As some high-valued tech startups look to the long-dormant IPO market for their next funding round, Databricks is still finding investors that are happy to keep the company private, at least for now.

Databricks, which sells data analytics software, said Thursday that it raised more than $500 million in fresh capital at a $43 billion valuation.

Founded in 2013 and based in San Francisco, Databricks last announced funding during the boom market of 2021, at a $38 billion valuation. Since then, cloud software stocks have plummeted, with rival Snowflake losing 45% of its value. However, unlike fellow software IPO candidates Canva and Stripe, Databricks has managed to maintain its share price.

In the latest round, shares were sold at $73.50 a piece, roughly equal to where they were priced in 2021. The $5 billion increase in valuation is the result of new shares that CEO Ali Ghodsi said have gone to the 3,500 employees the company has hired in the past two years, as well as to investors. Headcount now sits at around 6,000.

While high interest rates and economic concerns continue to weigh on the tech market, particularly on companies that are burning cash, Databricks is capitalizing on a surge of momentum in artificial intelligence. In July, Databricks acquired MosaicML, a startup with software for efficiently running large language models that can spit out natural-sounding text, for $1.3 billion.

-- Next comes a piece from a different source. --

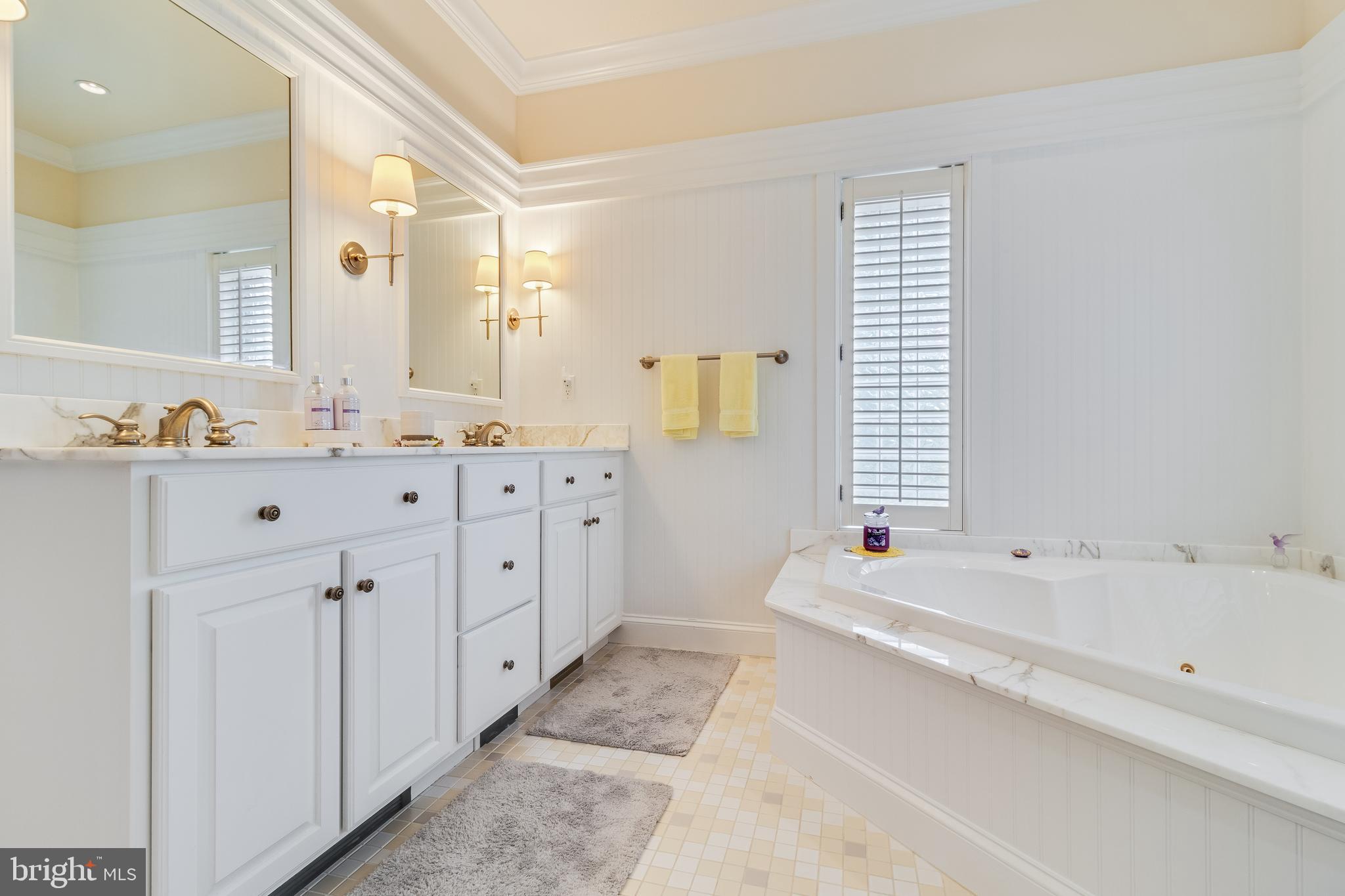 QUEEN TREE LANDING - Residential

Nvidia is a new investor in Databricks, a notable addition as the chipmaker has been pouring cash into a host of AI infrastructure startups. Hugging Face, Cohere and CoreWeave are a few of the companies that Nvidia has backed at multibillion-dollar valuations.

Snowflake CEO Frank Slootman: AI will become a million times what 'search' is

Ghodsi said that he started talking to Nvidia CEO Jensen Huang “a while back,” and that a strategic tie-up has become more important with both companies going deeper into AI. Databricks spends a lot of money on Nvidia’s graphics processing units, largely through various public clouds, and even more now that his company owns Mosaic. He added that Nvidia and Mosaic had been in talks about a partnership before the acquisition.

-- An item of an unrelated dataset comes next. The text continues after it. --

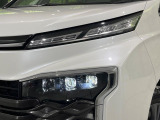 【LEDヘッドライト】悪天候や夜間走行時も良好な視界を確保し安心して運転できる高輝度LEDヘッドライトを装備!点灯速度が早く、消費電力も抑えられています。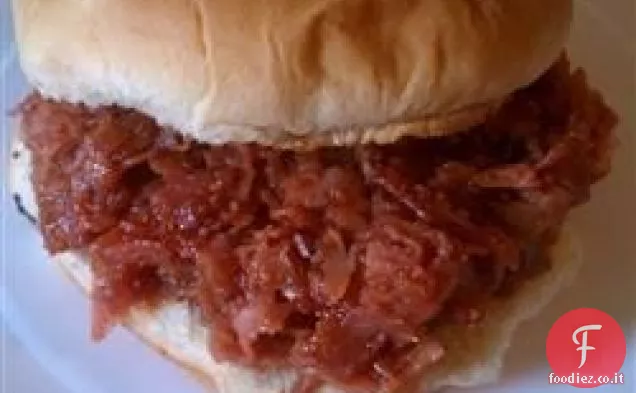 Barbecue di prosciutto scheggiato stile Pittsburgh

“It made sense to partner more closely,” Ghodsi said. “At the core, we’re in complementary markets.”

Equally notable is the participation of Capital One’s venture arm as an investor for the first time. That’s because the bank is Snowflake’s largest customer. Snowflake finance chief Mike Scarpelli said at an investor event in August 2022 that Capital One was spending almost $50 million annually with Snowflake, and in November he said that the firm is its top customer and that it’s “taken them 5.3 years to get where we are now.”

Capital One is also a Databricks customer and uses the technology partly for fraud detection, according to a 2021 blog post.

Existing investor T. Rowe Price led Databricks’ latest round, and was joined by Andreessen Horowitz, Baillie Gifford, Fidelity, Morgan Stanley’s Counterpoint Global and Tiger Global, among others.

Ghodsi said that when the company started talking to investors about a potential financing round a couple of months ago, his “original guidance was no more than $100 million.” That number ultimately swelled fivefold as more investors wanted to join, he said.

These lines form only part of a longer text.